_DATASET RECORDS_

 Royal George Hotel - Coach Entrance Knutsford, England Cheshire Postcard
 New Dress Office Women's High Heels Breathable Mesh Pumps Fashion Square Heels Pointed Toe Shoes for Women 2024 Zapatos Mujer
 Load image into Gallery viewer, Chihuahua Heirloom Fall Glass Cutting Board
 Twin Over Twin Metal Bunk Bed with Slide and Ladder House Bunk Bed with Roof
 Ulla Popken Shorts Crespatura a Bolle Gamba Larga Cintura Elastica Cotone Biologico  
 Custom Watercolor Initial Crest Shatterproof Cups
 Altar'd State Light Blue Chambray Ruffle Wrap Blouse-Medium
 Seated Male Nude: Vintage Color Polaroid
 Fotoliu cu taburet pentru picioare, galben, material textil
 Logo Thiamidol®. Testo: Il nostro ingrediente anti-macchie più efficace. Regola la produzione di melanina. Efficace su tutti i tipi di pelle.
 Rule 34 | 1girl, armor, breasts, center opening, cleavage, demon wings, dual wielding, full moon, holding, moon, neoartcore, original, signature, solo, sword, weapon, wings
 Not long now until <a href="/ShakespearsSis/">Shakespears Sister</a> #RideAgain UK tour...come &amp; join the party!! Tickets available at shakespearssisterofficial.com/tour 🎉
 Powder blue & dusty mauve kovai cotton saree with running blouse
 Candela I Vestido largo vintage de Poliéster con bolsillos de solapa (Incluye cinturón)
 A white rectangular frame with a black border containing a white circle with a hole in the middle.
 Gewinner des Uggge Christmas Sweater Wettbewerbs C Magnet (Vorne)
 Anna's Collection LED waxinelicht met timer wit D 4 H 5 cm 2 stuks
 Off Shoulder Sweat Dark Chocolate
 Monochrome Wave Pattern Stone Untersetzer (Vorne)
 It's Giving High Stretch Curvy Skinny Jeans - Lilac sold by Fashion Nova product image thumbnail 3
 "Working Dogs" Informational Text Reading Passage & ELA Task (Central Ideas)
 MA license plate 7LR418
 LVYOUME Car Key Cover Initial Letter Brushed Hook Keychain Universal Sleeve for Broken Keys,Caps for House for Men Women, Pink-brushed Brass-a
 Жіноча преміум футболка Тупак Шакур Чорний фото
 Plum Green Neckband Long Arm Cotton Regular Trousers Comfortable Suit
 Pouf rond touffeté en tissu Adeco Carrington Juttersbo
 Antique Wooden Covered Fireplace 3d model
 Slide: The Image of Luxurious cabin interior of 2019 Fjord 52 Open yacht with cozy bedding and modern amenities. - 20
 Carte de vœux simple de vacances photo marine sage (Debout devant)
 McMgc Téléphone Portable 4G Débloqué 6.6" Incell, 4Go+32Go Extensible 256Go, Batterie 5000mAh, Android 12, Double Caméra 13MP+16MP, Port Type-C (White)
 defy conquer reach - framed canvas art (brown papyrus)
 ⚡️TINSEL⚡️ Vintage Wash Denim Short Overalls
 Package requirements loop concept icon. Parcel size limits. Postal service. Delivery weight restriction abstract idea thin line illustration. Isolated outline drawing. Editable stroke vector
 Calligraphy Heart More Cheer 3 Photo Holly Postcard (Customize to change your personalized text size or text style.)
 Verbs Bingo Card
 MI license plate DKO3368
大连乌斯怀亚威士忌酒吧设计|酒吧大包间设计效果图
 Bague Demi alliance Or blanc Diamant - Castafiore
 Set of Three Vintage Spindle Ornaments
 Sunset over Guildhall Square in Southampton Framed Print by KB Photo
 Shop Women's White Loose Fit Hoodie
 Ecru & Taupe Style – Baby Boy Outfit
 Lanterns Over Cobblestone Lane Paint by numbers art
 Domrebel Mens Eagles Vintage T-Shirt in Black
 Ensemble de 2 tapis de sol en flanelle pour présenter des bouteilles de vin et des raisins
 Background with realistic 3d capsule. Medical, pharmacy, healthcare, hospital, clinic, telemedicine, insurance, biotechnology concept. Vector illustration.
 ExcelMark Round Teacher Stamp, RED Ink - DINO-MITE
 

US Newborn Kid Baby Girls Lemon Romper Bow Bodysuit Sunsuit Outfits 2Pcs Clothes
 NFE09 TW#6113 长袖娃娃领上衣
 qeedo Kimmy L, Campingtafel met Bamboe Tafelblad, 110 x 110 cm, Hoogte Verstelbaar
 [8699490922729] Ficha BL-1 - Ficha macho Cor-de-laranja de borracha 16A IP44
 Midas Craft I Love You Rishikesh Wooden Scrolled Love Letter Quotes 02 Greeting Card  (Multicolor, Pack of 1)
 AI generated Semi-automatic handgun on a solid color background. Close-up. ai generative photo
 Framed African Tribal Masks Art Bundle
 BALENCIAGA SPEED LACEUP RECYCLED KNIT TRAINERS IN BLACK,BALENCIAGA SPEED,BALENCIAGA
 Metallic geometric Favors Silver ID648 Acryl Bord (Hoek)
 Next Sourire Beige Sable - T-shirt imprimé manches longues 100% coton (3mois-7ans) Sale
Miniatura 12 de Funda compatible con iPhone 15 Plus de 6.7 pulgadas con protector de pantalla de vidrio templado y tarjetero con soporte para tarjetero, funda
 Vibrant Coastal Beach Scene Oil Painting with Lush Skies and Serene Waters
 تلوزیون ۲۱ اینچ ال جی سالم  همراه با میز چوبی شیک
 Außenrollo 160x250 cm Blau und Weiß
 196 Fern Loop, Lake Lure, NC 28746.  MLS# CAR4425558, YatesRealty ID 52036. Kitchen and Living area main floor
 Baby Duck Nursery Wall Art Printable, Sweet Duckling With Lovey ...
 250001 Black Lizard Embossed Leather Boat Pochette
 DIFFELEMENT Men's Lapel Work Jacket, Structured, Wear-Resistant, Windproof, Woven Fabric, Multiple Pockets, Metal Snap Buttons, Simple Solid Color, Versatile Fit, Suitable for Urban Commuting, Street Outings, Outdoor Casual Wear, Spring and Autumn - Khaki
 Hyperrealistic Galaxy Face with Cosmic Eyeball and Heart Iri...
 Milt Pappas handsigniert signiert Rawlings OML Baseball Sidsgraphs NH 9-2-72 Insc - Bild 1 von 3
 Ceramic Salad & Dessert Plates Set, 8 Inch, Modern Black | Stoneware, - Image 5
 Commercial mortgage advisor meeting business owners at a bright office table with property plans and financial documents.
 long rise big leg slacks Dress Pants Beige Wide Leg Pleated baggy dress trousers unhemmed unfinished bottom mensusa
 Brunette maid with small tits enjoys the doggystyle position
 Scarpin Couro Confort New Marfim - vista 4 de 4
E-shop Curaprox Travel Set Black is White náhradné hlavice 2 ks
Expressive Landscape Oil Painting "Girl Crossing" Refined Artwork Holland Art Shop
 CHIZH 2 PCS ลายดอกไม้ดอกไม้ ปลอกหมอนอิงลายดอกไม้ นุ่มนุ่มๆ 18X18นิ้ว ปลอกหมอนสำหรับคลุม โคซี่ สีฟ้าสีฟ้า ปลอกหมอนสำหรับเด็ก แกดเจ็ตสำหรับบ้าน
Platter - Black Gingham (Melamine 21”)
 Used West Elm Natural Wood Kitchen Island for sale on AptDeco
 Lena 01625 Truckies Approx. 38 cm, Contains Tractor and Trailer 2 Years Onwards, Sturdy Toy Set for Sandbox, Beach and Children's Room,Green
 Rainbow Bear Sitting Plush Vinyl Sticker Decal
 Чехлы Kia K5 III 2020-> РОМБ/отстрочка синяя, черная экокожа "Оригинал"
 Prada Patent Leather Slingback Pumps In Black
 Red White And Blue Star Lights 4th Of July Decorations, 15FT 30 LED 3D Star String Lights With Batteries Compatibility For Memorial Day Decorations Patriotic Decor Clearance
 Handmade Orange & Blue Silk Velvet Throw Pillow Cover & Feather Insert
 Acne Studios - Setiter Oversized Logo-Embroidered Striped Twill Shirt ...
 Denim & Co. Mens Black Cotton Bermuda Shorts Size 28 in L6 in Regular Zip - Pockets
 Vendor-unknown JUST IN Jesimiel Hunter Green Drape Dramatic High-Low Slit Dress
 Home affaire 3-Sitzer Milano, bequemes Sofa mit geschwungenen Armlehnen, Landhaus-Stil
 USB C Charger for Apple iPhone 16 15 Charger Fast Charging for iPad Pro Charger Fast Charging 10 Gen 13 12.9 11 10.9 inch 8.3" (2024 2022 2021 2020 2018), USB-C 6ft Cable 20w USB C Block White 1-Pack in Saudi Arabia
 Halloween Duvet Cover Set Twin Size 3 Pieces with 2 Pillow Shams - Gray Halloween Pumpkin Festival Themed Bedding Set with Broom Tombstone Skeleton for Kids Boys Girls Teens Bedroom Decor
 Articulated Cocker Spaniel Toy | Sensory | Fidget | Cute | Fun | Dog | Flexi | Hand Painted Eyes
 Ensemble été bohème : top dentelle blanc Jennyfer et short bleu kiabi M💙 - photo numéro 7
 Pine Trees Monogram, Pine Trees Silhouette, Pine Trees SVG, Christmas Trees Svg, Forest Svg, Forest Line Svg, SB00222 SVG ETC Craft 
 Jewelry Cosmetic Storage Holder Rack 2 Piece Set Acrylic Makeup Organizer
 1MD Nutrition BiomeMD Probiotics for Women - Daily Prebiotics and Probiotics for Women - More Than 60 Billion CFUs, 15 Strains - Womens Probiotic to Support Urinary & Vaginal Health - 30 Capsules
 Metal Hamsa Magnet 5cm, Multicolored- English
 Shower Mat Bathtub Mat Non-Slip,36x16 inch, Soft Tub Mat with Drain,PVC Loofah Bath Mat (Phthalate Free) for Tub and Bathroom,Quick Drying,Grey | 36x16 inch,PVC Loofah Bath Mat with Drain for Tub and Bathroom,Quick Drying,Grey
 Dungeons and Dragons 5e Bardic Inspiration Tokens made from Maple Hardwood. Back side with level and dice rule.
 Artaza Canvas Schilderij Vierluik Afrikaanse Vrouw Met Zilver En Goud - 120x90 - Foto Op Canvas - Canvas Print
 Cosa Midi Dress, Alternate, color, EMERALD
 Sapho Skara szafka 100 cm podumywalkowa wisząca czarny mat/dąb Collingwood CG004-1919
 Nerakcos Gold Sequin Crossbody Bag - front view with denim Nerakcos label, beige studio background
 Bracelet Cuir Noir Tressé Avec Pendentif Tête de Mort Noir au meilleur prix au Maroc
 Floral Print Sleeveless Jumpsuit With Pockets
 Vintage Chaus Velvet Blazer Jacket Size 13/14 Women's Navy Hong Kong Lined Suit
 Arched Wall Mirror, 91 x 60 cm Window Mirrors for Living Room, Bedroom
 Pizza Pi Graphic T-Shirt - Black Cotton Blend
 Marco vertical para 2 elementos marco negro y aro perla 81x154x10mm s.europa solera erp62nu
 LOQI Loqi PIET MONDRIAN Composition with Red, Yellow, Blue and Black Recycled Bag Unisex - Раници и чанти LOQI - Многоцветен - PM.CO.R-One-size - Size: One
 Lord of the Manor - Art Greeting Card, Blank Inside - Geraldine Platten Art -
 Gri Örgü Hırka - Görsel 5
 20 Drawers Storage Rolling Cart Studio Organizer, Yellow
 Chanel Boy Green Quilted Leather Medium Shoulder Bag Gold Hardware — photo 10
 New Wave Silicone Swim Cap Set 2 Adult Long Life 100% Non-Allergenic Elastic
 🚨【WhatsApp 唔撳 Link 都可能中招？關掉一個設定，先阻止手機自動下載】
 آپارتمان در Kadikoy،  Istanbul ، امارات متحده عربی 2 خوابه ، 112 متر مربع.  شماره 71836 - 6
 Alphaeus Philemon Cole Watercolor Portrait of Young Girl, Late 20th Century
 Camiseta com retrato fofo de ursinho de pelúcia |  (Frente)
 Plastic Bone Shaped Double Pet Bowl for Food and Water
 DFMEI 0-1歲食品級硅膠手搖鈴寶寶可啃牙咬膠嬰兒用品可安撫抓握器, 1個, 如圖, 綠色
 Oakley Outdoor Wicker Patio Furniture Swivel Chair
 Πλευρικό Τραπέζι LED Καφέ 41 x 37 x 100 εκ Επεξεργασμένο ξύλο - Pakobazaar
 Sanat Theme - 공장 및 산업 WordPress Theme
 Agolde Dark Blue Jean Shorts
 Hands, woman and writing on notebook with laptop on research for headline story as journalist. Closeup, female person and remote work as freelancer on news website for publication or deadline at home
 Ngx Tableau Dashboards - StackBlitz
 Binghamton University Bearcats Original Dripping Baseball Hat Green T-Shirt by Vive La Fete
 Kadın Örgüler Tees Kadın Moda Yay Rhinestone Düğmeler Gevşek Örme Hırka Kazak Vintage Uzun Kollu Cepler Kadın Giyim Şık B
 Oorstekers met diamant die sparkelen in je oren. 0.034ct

_TASK REQUIREMENTS_
In the listing above, transcribe exactly everything from the line containing "Seated Male Nude: Vintage Color Polaroid" down to the line containing "MA license plate 7LR418", including both and nothing more.

_SOLUTION BELOW_
 Seated Male Nude: Vintage Color Polaroid
 Fotoliu cu taburet pentru picioare, galben, material textil
 Logo Thiamidol®. Testo: Il nostro ingrediente anti-macchie più efficace. Regola la produzione di melanina. Efficace su tutti i tipi di pelle.
 Rule 34 | 1girl, armor, breasts, center opening, cleavage, demon wings, dual wielding, full moon, holding, moon, neoartcore, original, signature, solo, sword, weapon, wings
 Not long now until <a href="/ShakespearsSis/">Shakespears Sister</a> #RideAgain UK tour...come &amp; join the party!! Tickets available at shakespearssisterofficial.com/tour 🎉
 Powder blue & dusty mauve kovai cotton saree with running blouse
 Candela I Vestido largo vintage de Poliéster con bolsillos de solapa (Incluye cinturón)
 A white rectangular frame with a black border containing a white circle with a hole in the middle.
 Gewinner des Uggge Christmas Sweater Wettbewerbs C Magnet (Vorne)
 Anna's Collection LED waxinelicht met timer wit D 4 H 5 cm 2 stuks
 Off Shoulder Sweat Dark Chocolate
 Monochrome Wave Pattern Stone Untersetzer (Vorne)
 It's Giving High Stretch Curvy Skinny Jeans - Lilac sold by Fashion Nova product image thumbnail 3
 "Working Dogs" Informational Text Reading Passage & ELA Task (Central Ideas)
 MA license plate 7LR418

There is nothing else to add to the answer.